This vignette covers the derivatives of the surface created by a Gaussian process model with respect to the spatial dimensions. The other vignette has derivatives of the deviance (likelihood) with respect to the parameters.

The mean function is \[ \hat{y}(x) = \hat{\mu} + r^T R^{-1}(Y - 1\hat{\mu}). \] \(r\) is the only part that depends on \(x\), and is defined below, where \(K\) is the correlation function.

\[ r = (r_1(x), \ldots, r_d(x))^T\] \[ r_i(x) = K(z(x), z(u_i))\] \[\frac{\partial \hat{y}(x)}{\partial x_i} = \frac{\partial r}{\partial x_i}^T R^{-1}(Y - 1\hat{\mu})\]

\[\frac{\partial r_j}{\partial x_i} = \frac{\partial K(z(x), z(u_j))}{\partial x_i} \] This value depends on the correlation function \(K\). This will give the vector \(\frac{\partial r}{\partial x_i}\) which is calculates a single partial derivative, then the vector of these gives the gradient \(\nabla_x \hat{y}(x)\)

The second derivatives can be calculated similarly \[\frac{\partial^2 \hat{y}(x)}{\partial x_i \partial x_k} = \frac{\partial^2 r}{\partial x_i \partial x_k}^T R^{-1}(Y - 1\hat{\mu})\]

Each element of this matrix is \[\frac{\partial^2 r_j}{\partial x_i \partial x_k} = \frac{\partial^2 K(z(x), z(u_j))}{\partial x_i \partial x_k} \]

The equations above work for any correlation function, but then we need to have the derivatives of the correlation function with respect to the spatial variables.

\[K(z(x), z(u_j)) = \exp(-\sum_{\ell =1}^d \theta_\ell (x_\ell - u_{j\ell})^2) \]

\[\frac{\partial K(z(x), z(u_j))}{\partial x_i} = -2\theta_i (x_i - u_{ji}) \exp(-\sum_{\ell =1}^d \theta_\ell (x_\ell - u_{j\ell})^2) \] The second derivative with respect to the same dimension is

\[\frac{\partial^2 K(z(x), z(u_j))}{\partial x_i^2} = (-2\theta_i + 4\theta_i^2 (x_i - u_{ji})^2) \exp(-\sum_{\ell =1}^d \theta_\ell (x_\ell - u_{j\ell})^2) \]

The cross derivative is \[\frac{\partial^2 K(z(x), z(u_j))}{\partial x_i \partial x_k} = 4\theta_i \theta_k (x_i - u_{ji}) (x_k - u_{jk}) \exp(-\sum_{\ell =1}^d \theta_\ell (x_\ell - u_{j\ell})^2) \]

A big problem with using the gradient of the mean function of a GP is that it doesn’t give an idea of its distribution/randomness.

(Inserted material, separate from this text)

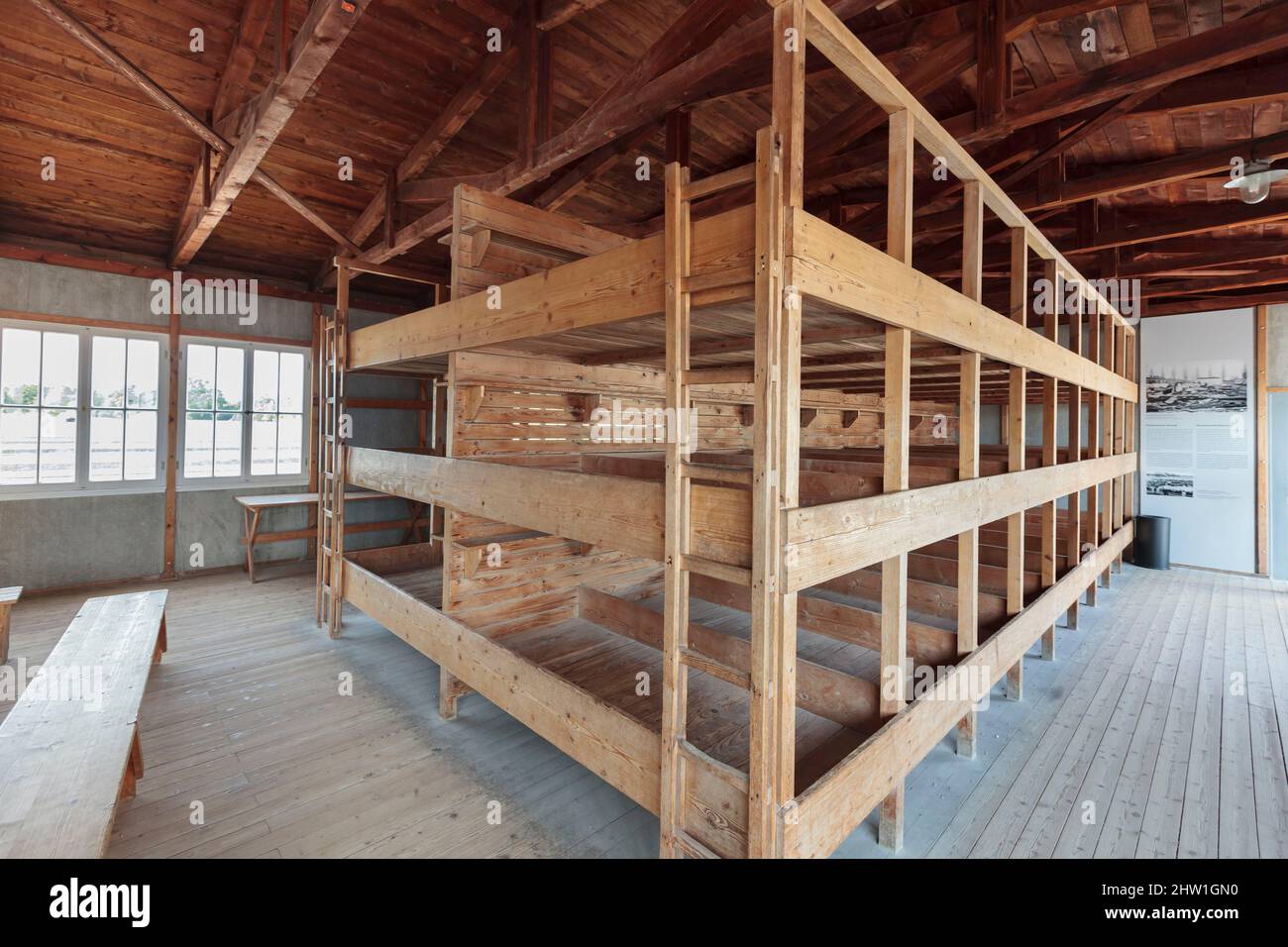 dortoir de lits superposés en bois, cabane reconstruite où les déportés dormaient Banque D'Images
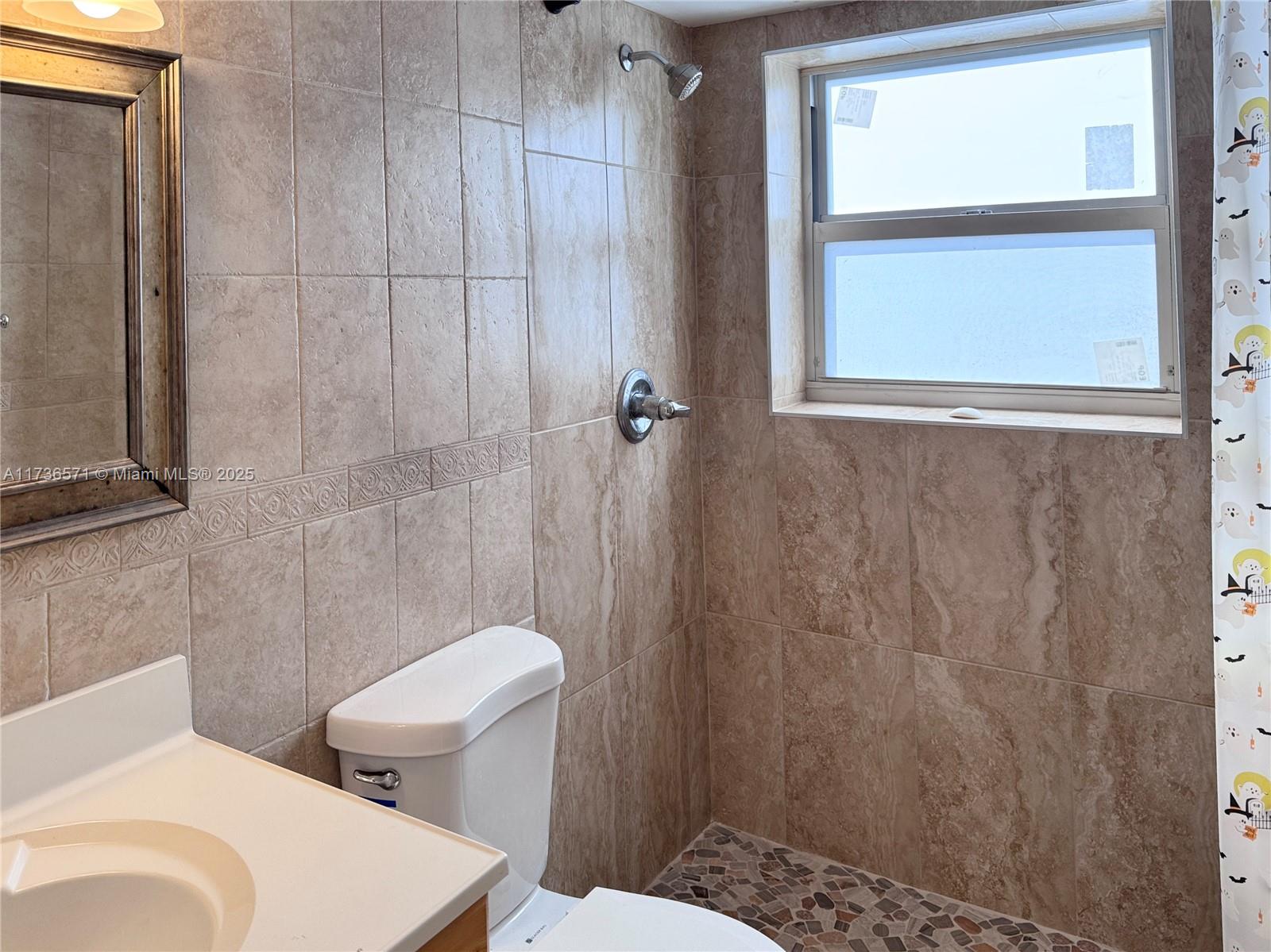 221 Meridian Ave # 304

The gradient could be zero in a region where the surface is not flat just because we don’t any information in that region yet.

Can we find the distribution of the gradient by taking a limit?

In \(d\) dimensions we

First start with the directional derivative in the direction of the ith component. \[ \frac{\partial \hat{y}(x)}{\partial x_i} = \lim_{\delta -> 0} \frac{ \hat{y}(x + \delta e_i) - \hat{y}(x)}{\delta} \]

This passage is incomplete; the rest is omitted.